ACTIVITY: Transcribe the listing below word for word but skip its images.

──────── STORED DATA

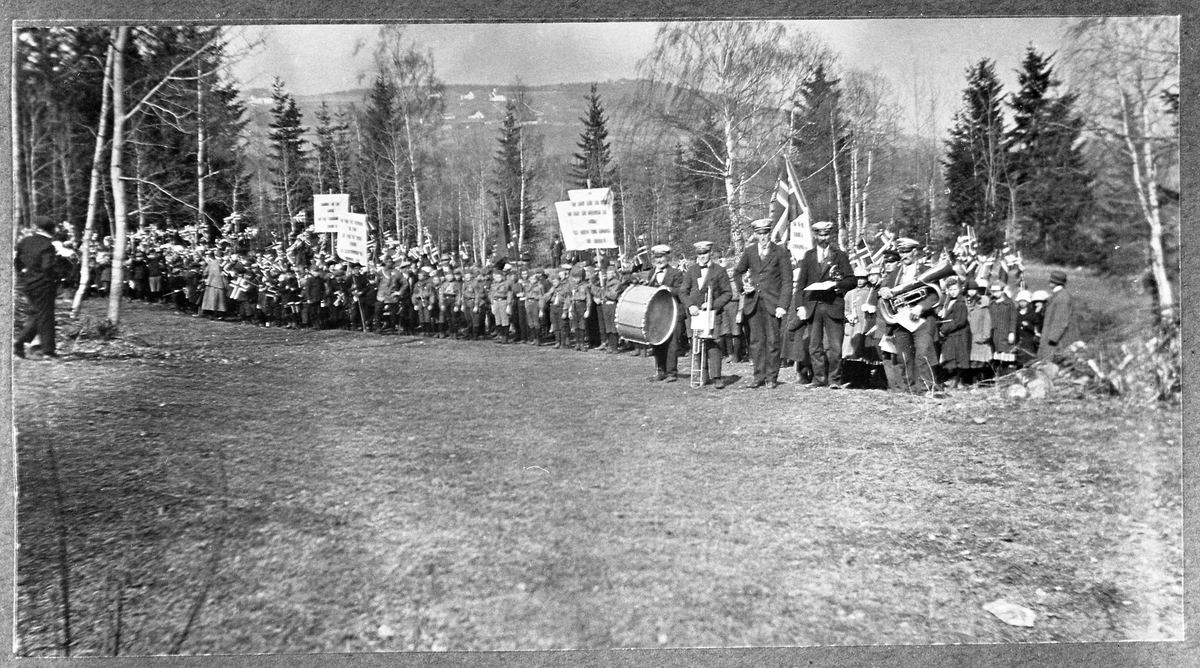 17.mai på Skreia ca. 1921. Toget har nettopp ankommet Skreia Folkepark. I spissen går Viken Musikkforening.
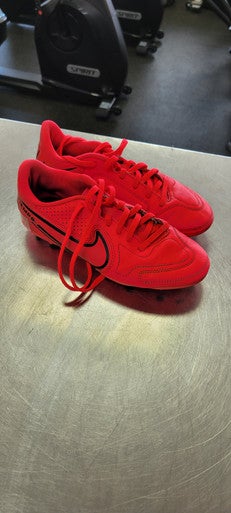 Used Nike Soccer Cleats Pink Junior 05 11497-S000150643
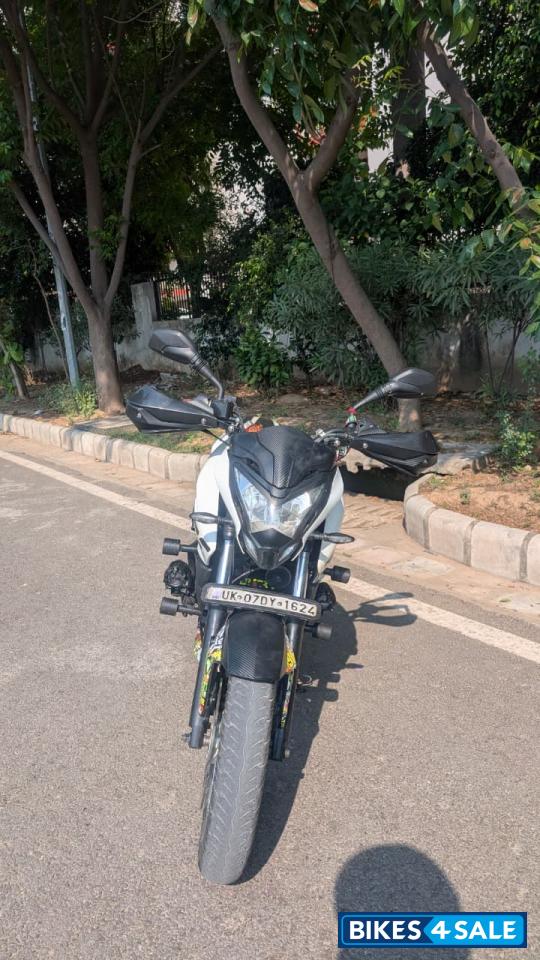 Bajaj Pulsar NS 200 BS6 Bajaj Pulsar NS 200 BS6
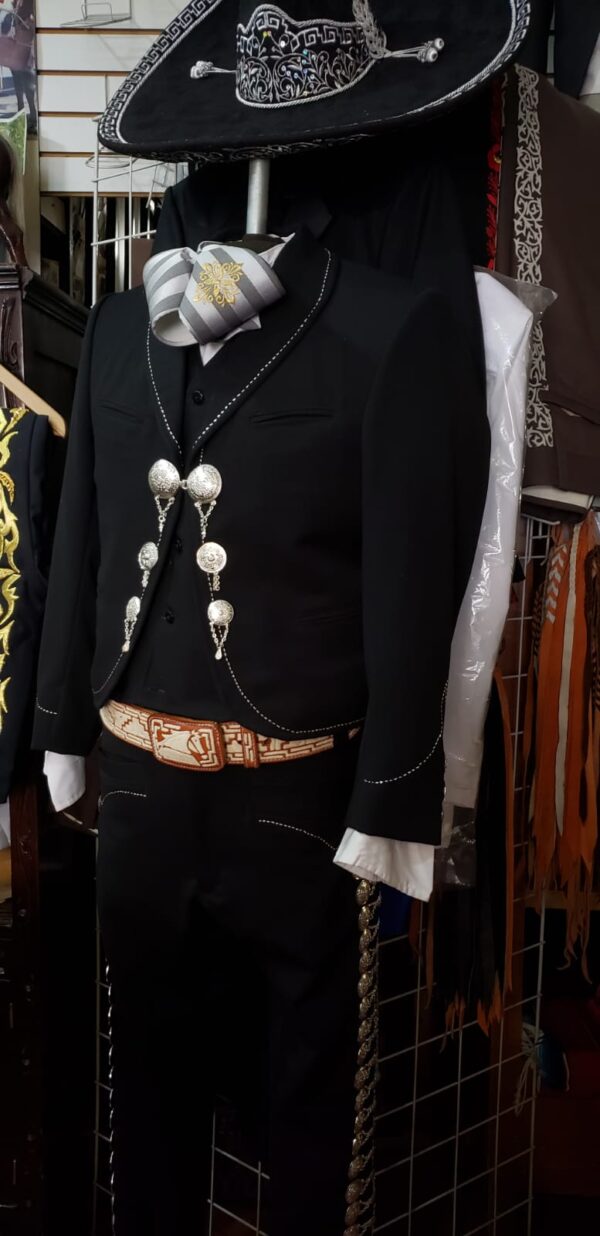 Traje de charro sencillo con despunte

────────────────

TASK RESULT:
 17.mai på Skreia ca. 1921. Toget har nettopp ankommet Skreia Folkepark. I spissen går Viken Musikkforening.
 Used Nike Soccer Cleats Pink Junior 05 11497-S000150643
 Bajaj Pulsar NS 200 BS6 Bajaj Pulsar NS 200 BS6
 Traje de charro sencillo con despunte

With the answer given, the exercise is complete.